Travelling around Guatemala is pretty easy, but involves a makeshift networked alchemy in which a variety of tiny hotpotch agencies all offering the same tours and dealing only in cash and handwritten tickets (always worth negotiating the price!) somehow manage to despatch trucks, buses and vans to the right hostels and hotels where drivers shout your name from scribbled down scraps of paper and notebooks to make sure you get on the right one.
For our trip from Antigua to the world famous market of Chichicastenango and on to lake Atitlán this system almost comes unravelled when our van driver yells “Rebekah” outside our hotel, and no-one is to be found. Eventually it’s decided this must either be the agency’s joke on us for haggling too hard on the price, or just the Guatemalan translation of Barbs!
As the bus weaves through some back roads and up into the deep green hills, there are little groups of small children playing on the roadsides, and tiny shops selling everything from clay pots to chickens and the ubiqitous long strings of bags of snacks, which the Guatemalans appear to be as fond of as their national fried chicken brand, Pollo Campero. The only things driving faster than us are the “chicken buses”, ornate and brightly coloured old school buses, packed to the rafters with people and packages, fearlessly swinging around the hairpin bends.
The bright colours of the chicken buses are just a tiny portent of the incredible technicolour mayhem and magic of Chichi market, which happens here every Sunday and Thursday. Our bus driver promises to look after our rucksacks as we plunge into the crowds of locals, all of whom seem to be selling something. Children constantly tug at our arms offering us Guatemalan worry doll fridge magnets, every tiny glance towards the myriad of artisanal woven and carved wares, from clothing to bags to hammocks and day of the dead ornaments, is met with pleas to take a closer look and the promise of “buen precios” (excellent prices)!
The stalls are a riot of gorgeous technicolour, textures and patterns, with so many competing for attention so tightly packed into this warren of small passages it’s hard to see how anyone could make a living. You do have to look more carefully to see the difference between the incredibly intricate traditionally woven clothes and hand carved dance masks, and the mass produced Guatemalan souvenir items on every stall. In the plaza, a thick cloud of smoke and heady incense from a ceremonial fire inhabits the flower laden steps of the main church of Santo Tomás Chichicastenango, where traditional Mayan practices intermingle completely with Catholicism, the locals believe it is inhabited with all the spirits of their loved ones, the steps are and the stone altars are thick with the wax of used up candles. It was here that an early 18th century priest started reading and preaching references to the Mayan holy book and history, the Popol Vuh, encouraging families to move their shrines to the town. To this day the souls of the dead and Catholic saints are honoured here daily with offerings of flowers, alcohol, candles and prayers.

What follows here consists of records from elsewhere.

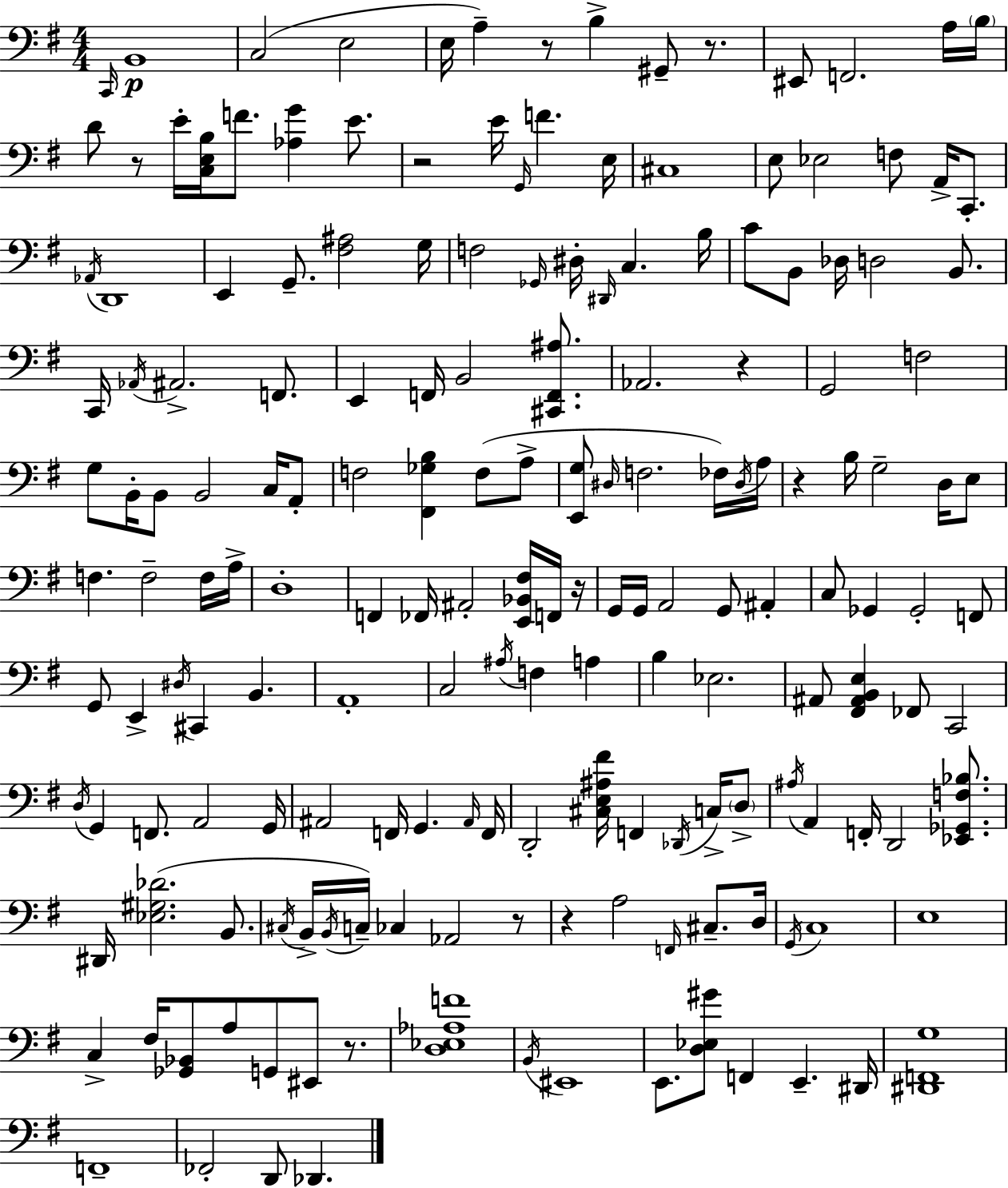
{
  \clef bass
  \numericTimeSignature
  \time 4/4
  \key e \minor
  \grace { c,16 }\p b,1 | c2( e2 | e16 a4--) r8 b4-> gis,8-- r8. | eis,8 f,2. a16 | \break \parenthesize b16 d'8 r8 e'16-. <c e b>16 f'8. <aes g'>4 e'8. | r2 e'16 \grace { g,16 } f'4. | e16 cis1 | e8 ees2 f8 a,16-> c,8.-. | \break \acciaccatura { aes,16 } d,1 | e,4 g,8.-- <fis ais>2 | g16 f2 \grace { ges,16 } dis16-. \grace { dis,16 } c4. | b16 c'8 b,8 des16 d2 | \break b,8. c,16 \acciaccatura { aes,16 } ais,2.-> | f,8. e,4 f,16 b,2 | <cis, f, ais>8. aes,2. | r4 g,2 f2 | \break g8 b,16-. b,8 b,2 | c16 a,8-. f2 <fis, ges b>4 | f8( a8-> <e, g>8 \grace { dis16 } f2. | fes16) \acciaccatura { dis16 } a16 r4 b16 g2-- | \break d16 e8 f4. f2-- | f16 a16-> d1-. | f,4 fes,16 ais,2-. | <e, bes, fis>16 f,16 r16 g,16 g,16 a,2 | \break g,8 ais,4-. c8 ges,4 ges,2-. | f,8 g,8 e,4-> \acciaccatura { dis16 } cis,4 | b,4. a,1-. | c2 | \break \acciaccatura { ais16 } f4 a4 b4 ees2. | ais,8 <fis, ais, b, e>4 | fes,8 c,2 \acciaccatura { d16 } g,4 f,8. | a,2 g,16 ais,2 | \break f,16 g,4. \grace { ais,16 } f,16 d,2-. | <cis e ais fis'>16 f,4 \acciaccatura { des,16 } c16-> \parenthesize d8-> \acciaccatura { ais16 } a,4 | f,16-. d,2 <ees, ges, f bes>8. dis,16 <ees gis des'>2.( | b,8. \acciaccatura { cis16 } b,16-> | \break \acciaccatura { b,16 }) c16-- ces4 aes,2 r8 | r4 a2 \grace { f,16 } cis8.-- | d16 \acciaccatura { g,16 } c1 | e1 | \break c4-> fis16 <ges, bes,>8 a8 g,8 eis,8 r8. | <d ees aes f'>1 | \acciaccatura { b,16 } eis,1 | e,8. <d ees gis'>8 f,4 e,4.-- | \break dis,16 <dis, f, g>1 | f,1-- | fes,2-. d,8 des,4. | \bar "|."
}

Over in the Centro Commercial, another riot of colour greets our eyes from the balcony above the vegetable market, with sumptuously shiny piles of deep red tomatoes and chillis, glorious white and green onions, peppers, cabbages, herbs and all sorts of fruit and veg we can’t even begin to recognise. The tomato sellers seem particularly busy on the day we’re there with women crowding around their stalls, jostling for attention and piling huge amounts into plastic bags.
It seems everything about Chichi is awash with colour, except for the Mayan shamans who are clad in black clothes as they make their way down from the market and up the hill to the cemetery and shrine of Pascual Abaj on a hill just outside the town. Even the family tombs here are colourful affairs for those who can afford to build them – they are brightly painted in pink, purple, blue, green and yellow, with family names roughly scrawled on them, whilst the poor are more simply marked with crude wooden or adobe crosses. Shamans are at work, stoking ever burning fires and reciting prayers and incantations.
Back at the place the buses stop, we’ve retrieved our bags from the first van and a bus driver pulls out a crumpled bit of paper and shouts “Rebekah”! Without hesitation Barbs jumps up, cos that’s us, for today at least, and we’re off again! Rebekah of course, in the bible, is the grandmother of Joseph, and if you ever need a technicolour dream outfit, Chichi would definitely be the place to find one!